We walked on, and I thought I caught one, but it turned out to be the name of the place, so it falls under artistic license. In which case, I have to give the store props for including the apostrophe when naming the place (even though I don’t get the significance of using a Z there).
Blast–I still hadn’t contributed. Jeff chatted more with the reporter as I examined the area near the awning where I’d thought I’d finally caught a typo. There’s wasn’t much more text for me to examine while standing around…but there was enough. What the…?
Ha! I found one! I found one! Trapped behind the glass at a place that was for rent and so had no one inside to let us in. So…no correction on that one, sadly. But I found one.
What we really needed, though, was something else to correct. We finally left the block with all of those typos and marched on. Then Jeff found a classic word butchering…or rather, a word that’s often butchered, but the mistake wasn’t where we’d found it before.
We charged inside, where we were greeted by a trio of girls, and they sang sweeter than the sirens when Jeff asked if he could correct a mistake. Of course he could, no problem. Not one of them saw any problem with that. They’d spelled the same word correctly everywhere else, and they were happy to see this error eliminated from their sidewalk specials board. Jeff didn’t even have the chance to produce his own piece of chalk as one of the girls offered him a stick. And so…
A passing filly who noticed us looking proudly at a job well done and thought we were considering where to eat informed us that they had great sandwiches–it’s one of the best spots around. Based on our own observations, we couldn’t help but agree.

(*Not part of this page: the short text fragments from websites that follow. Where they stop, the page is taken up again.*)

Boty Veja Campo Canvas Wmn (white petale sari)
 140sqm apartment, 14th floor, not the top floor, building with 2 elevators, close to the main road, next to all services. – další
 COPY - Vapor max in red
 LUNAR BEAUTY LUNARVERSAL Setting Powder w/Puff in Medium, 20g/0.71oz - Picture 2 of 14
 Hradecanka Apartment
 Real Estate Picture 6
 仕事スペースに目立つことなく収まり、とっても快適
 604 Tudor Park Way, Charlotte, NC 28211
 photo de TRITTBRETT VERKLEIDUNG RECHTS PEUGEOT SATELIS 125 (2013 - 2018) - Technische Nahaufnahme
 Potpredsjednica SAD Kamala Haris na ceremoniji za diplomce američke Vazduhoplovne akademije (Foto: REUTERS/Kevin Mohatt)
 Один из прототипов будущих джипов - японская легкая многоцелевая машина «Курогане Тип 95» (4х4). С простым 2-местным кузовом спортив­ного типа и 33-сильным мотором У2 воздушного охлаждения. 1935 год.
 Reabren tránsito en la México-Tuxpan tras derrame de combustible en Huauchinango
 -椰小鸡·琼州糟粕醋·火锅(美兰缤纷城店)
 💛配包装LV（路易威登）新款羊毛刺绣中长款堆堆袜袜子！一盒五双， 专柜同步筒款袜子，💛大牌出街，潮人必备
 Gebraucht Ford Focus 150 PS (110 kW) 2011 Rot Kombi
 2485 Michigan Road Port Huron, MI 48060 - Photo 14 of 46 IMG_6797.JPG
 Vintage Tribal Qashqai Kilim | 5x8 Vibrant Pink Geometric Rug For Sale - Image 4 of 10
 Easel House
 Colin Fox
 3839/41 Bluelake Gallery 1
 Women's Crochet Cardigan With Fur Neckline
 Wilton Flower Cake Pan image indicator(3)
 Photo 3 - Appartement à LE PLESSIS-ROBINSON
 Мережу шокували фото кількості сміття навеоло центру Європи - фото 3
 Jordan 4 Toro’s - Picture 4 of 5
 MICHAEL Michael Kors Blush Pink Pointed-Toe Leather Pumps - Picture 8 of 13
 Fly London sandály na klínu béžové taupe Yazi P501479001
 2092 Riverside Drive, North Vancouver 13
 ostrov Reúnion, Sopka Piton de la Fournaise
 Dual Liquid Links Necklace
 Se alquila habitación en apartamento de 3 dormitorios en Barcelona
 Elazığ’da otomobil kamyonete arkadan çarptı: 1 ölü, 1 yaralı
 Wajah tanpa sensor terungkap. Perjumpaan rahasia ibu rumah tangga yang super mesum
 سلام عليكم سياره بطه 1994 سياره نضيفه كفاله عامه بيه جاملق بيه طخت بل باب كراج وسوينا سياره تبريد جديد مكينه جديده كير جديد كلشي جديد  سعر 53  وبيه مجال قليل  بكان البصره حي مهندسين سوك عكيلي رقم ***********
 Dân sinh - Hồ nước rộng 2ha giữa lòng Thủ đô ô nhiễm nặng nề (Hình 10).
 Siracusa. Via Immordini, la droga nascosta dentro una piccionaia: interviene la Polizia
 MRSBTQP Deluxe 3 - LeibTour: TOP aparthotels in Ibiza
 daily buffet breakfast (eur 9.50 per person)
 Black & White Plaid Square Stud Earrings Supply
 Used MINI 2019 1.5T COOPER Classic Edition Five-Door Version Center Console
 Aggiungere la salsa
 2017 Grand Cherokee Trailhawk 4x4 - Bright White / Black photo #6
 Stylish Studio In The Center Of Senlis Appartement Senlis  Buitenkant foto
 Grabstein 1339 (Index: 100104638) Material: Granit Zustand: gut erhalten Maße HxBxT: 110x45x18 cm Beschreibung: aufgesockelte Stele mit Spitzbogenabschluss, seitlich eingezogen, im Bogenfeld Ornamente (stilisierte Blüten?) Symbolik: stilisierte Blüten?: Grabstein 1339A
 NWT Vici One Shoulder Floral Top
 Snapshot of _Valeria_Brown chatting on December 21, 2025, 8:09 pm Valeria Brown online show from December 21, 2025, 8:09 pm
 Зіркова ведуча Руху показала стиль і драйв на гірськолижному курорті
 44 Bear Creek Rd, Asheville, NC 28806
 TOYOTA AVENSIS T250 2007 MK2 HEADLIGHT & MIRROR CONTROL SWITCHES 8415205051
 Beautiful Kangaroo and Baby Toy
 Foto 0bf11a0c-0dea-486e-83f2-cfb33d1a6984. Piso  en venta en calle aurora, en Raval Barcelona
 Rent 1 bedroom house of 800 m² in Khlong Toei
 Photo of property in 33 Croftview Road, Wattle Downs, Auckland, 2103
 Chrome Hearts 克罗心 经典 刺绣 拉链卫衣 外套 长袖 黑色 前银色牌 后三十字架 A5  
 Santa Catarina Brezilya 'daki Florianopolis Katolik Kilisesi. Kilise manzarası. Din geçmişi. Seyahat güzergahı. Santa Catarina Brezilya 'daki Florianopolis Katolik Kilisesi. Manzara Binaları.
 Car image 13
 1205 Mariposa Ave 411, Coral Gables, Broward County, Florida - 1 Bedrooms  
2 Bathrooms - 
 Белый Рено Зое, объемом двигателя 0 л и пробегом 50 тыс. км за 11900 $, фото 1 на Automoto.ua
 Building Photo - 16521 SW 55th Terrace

One of the lessons I’ve learned from typo hunting is that you can’t stop. You may say something casually ridiculous like, “All right, I think that’s good–let’s head back.” And you can mean to stop, but then something like this will pounce on you.
Oh, it gets worse.
This was at the Dress Barn, and we didn’t bother going in once we saw the second one. That looked professionally done, which means we need to pull the Filene’s Basement stunt and check a second Dress Barn. If anyone else visits a Dress Barn in the coming days, could you keep an eye out for this? We haven’t come across another one yet to confirm the trouble.
Even after we left the city proper and returned to our friend’s place in Lansdowne, Jeff still had his typo radar going. This one’s kinda hilarious–but you know we don’t touch government signs, no no.
We dropped south to the Philadelphia Airport that afternoon and had a wonderful time talking with people and signing books for them. I even ran into an old friend from my college days who was randomly passing through (this would happen again at our next airport).
The big signing happened the next day at the Borders downtown. Thanks to everyone getting the word out, including the Philadelphia Inquirer story that ran, we ended up just filling the area, more people trickling in after we began. We started with hardly more than 10 people and ended with more than 20. Here’s a couple of pictures we took in the middle of the event.
Thanks to everyone who came out (and up) to the show! We continue to hear that everyone loves how different it is from a normal reading, and we have plenty more prizes to give away.